YOUR GOAL :: Repeat the stretch of entries below from the line with "Rear Bumper Reflector" through the line with "El Fan Fest". Include both ends and add nothing.

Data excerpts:
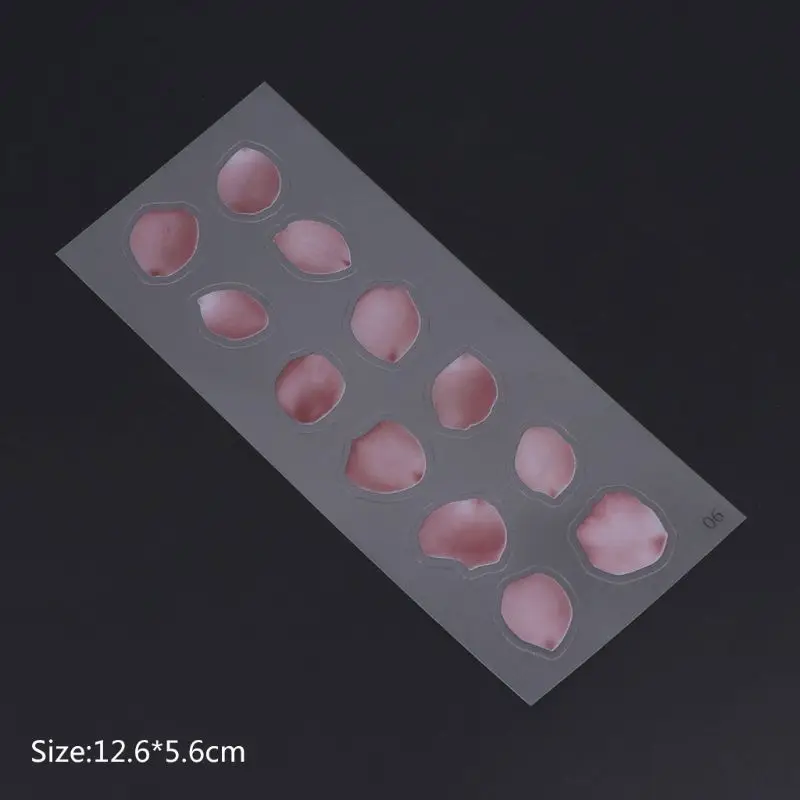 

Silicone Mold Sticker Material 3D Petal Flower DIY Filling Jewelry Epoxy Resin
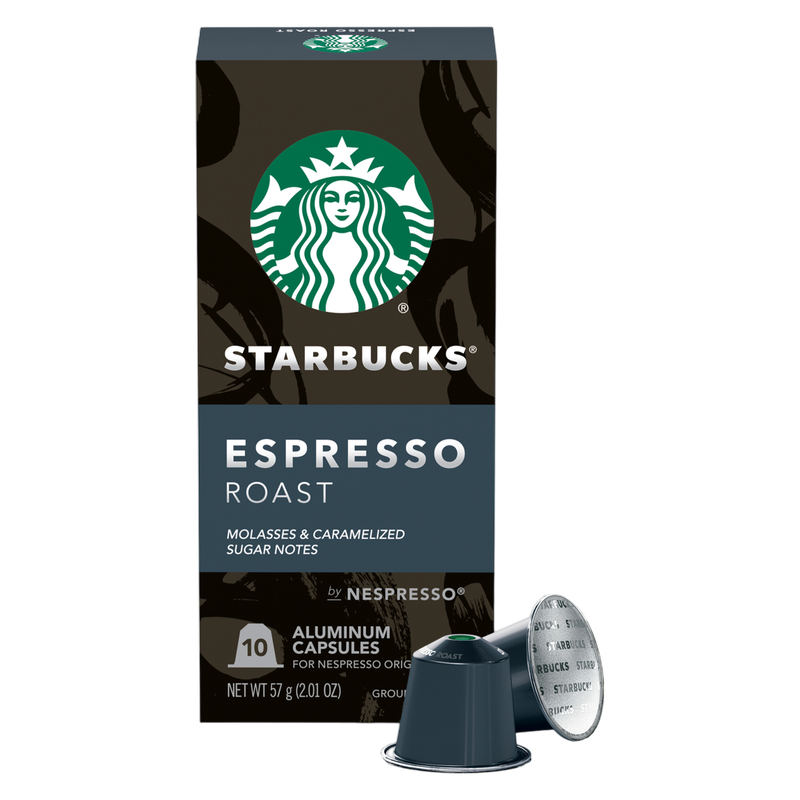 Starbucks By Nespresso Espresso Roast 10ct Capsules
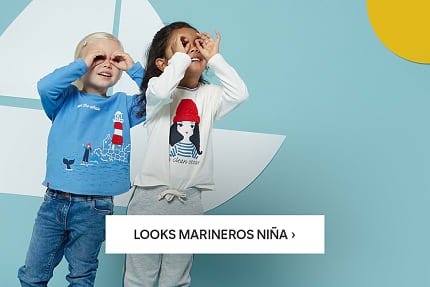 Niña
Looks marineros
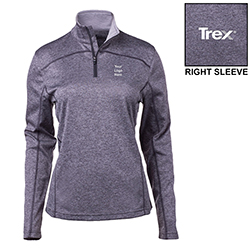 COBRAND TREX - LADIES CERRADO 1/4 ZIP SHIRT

...

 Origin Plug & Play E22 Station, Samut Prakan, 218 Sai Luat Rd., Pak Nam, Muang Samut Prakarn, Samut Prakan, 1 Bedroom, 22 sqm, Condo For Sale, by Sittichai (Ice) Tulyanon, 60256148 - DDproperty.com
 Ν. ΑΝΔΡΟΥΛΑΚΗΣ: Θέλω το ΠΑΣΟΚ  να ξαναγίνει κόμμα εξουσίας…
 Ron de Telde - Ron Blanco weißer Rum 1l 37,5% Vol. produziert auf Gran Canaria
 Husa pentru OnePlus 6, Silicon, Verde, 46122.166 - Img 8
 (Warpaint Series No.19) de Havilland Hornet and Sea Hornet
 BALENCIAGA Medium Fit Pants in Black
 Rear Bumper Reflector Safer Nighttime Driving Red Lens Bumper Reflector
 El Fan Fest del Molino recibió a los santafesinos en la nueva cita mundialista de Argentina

EXERCISE SOLUTION ::
 Rear Bumper Reflector Safer Nighttime Driving Red Lens Bumper Reflector
 El Fan Fest del Molino recibió a los santafesinos en la nueva cita mundialista de Argentina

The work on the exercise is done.